> [Source data]
_____
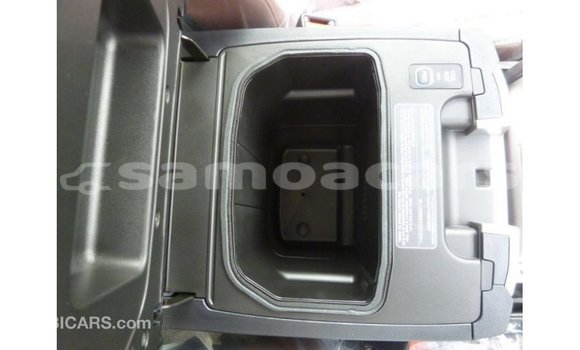 Acheter Import Voiture Toyota Land Cruiser Marron à Import - Dubai, A'ana Acheter Import Voiture Toyota Land Cruiser Marron à Import - Dubai, A'ana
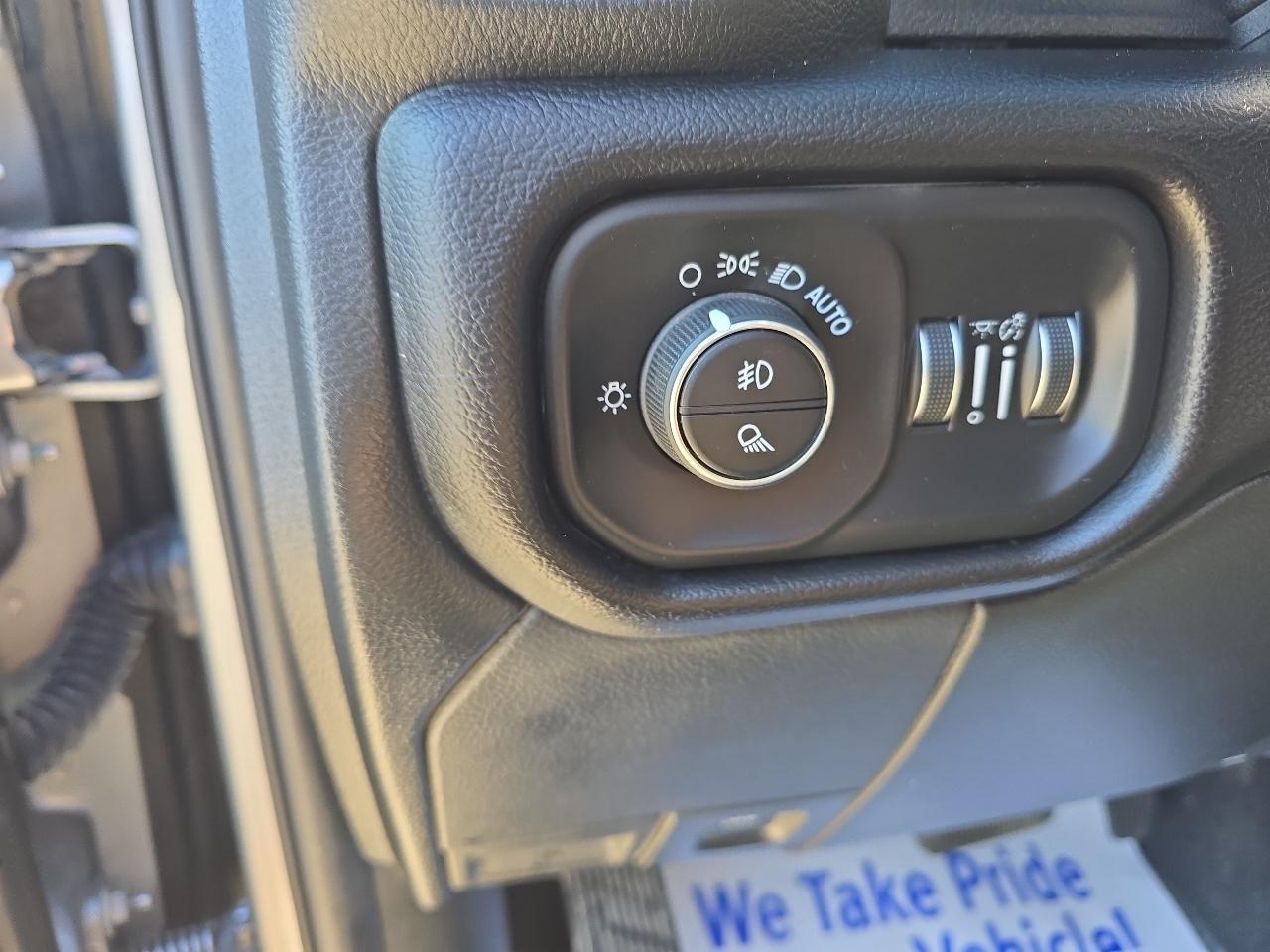 RAM 2500 Laramie 4x4 Crew Cab 6'4" Box 2024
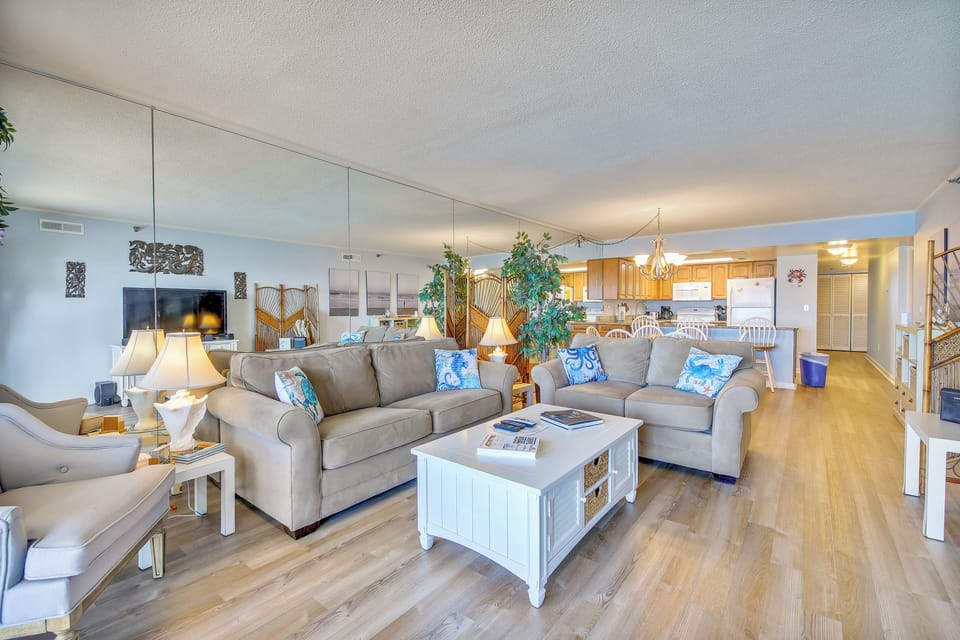 Floor Plan,Living Area,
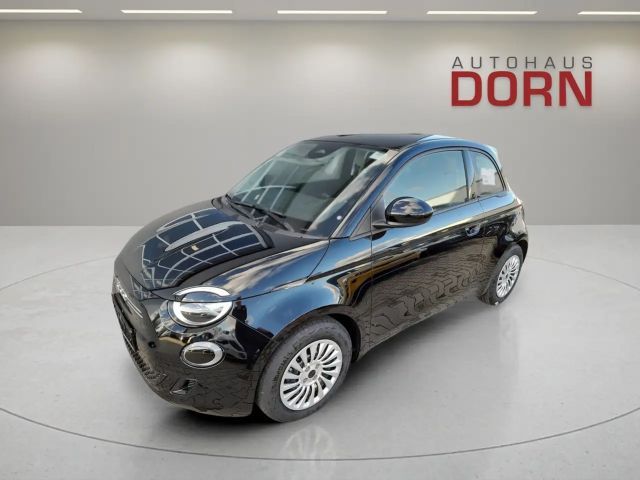 Fiat 500e Action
_____
> [Exercise]
When repeating the material above, keep every line exact and drop all pictures.

> [Answer section]
 Acheter Import Voiture Toyota Land Cruiser Marron à Import - Dubai, A'ana Acheter Import Voiture Toyota Land Cruiser Marron à Import - Dubai, A'ana
 RAM 2500 Laramie 4x4 Crew Cab 6'4" Box 2024
 Floor Plan,Living Area,
 Fiat 500e Action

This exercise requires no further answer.